This difference is thought to account for the lower net loss of nitrogen after major elective abdominal
surgery in women. Women in general, have approximately half the skeletal muscle mass of men of the
same age. Therefore, young muscular men experience the greatest nitrogen losses during acute surgical
illness, as opposed to elderly, sedentary women.8
NUTRITIONAL SUPPORT
Nutritional Support in Elective Surgery
Most patients undergoing elective operations are adequately nourished, and are typically only fasted the
evening before surgery. Unless the patient has suffered significant preoperative malnutrition (subjective
global assessment class C) or has a major intraoperative or postoperative complication, intravenous
solutions containing 5% dextrose may be administered for up to 5 to 7 days with no detrimental effect
on clinical outcomes. In patients who present with the evidence of starvation-related malnutrition,
preoperative addition of balanced macronutrient, and high-protein supplementation could be useful.

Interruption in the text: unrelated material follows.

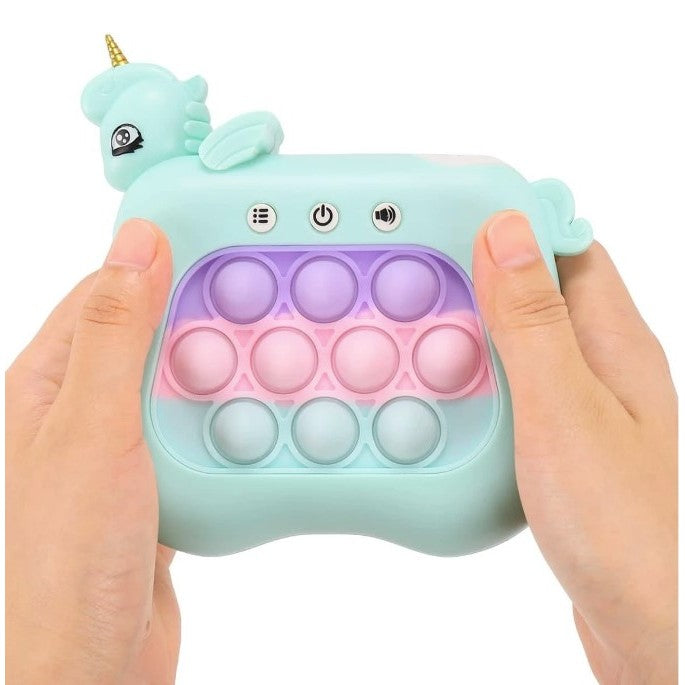 Jucarie Interactiva Tip Consola Pop It Antistres, 12 Nivele cu Sunete si Lumini, Joc de Memorie si Coordonare, Material ABS si Silicon, 13.5 x 5.5 x 12.5 cm, Model Unicorn, Albastru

This preoperative support should be initiated as far in advance as possible, even though it is estimated
that the minimum time required to derive any benefit from this support is in the range of 2 to 4
weeks.44 During this period, electrolyte abnormalities should be addressed, and early involvement of a
nutritionist would be advisable.
Bowel function typically returns within the first 5 to 7 postoperative days in the majority of surgical
patients, and an oral diet or enteral feedings can be resumed. The increased cost of feedings and the
potential complications associated with parenteral nutrition cannot be justified. Conversely, in patients
who are malnourished preoperatively or prolonged postoperative ileus has rendered them unable to be
fed enterally for more than 5 to 7 days, nutritional support should be considered. The nutritional status
should be assessed early, so this piece of information can be integrated into decision-making and
nutrition care planning. Enteral feedings are superior and always preferred to parenteral nutrition in
patients who can tolerate an enteral diet. Standard high-protein feeding formulas are adequate. The
choice of product and volume of feeding are based on the results of the nutrition assessment. The
majority of tube feeding formulas today are rich in water-soluble dietary fiber, which is considered
standard in the nutritional care of the surgical patient. Specific adjustments can be undertaken, if special
considerations (e.g., cardiac failure, renal failure, diabetes, etc.) have to be made. Preoperative addition
of a balanced macronutrient high-protein supplement is useful to initiate as far in advance of surgery as
possible, although in this severely malnourished population, the time needed to see benefit from
supplementation is unknown (estimated minimum of 2 to 4 weeks).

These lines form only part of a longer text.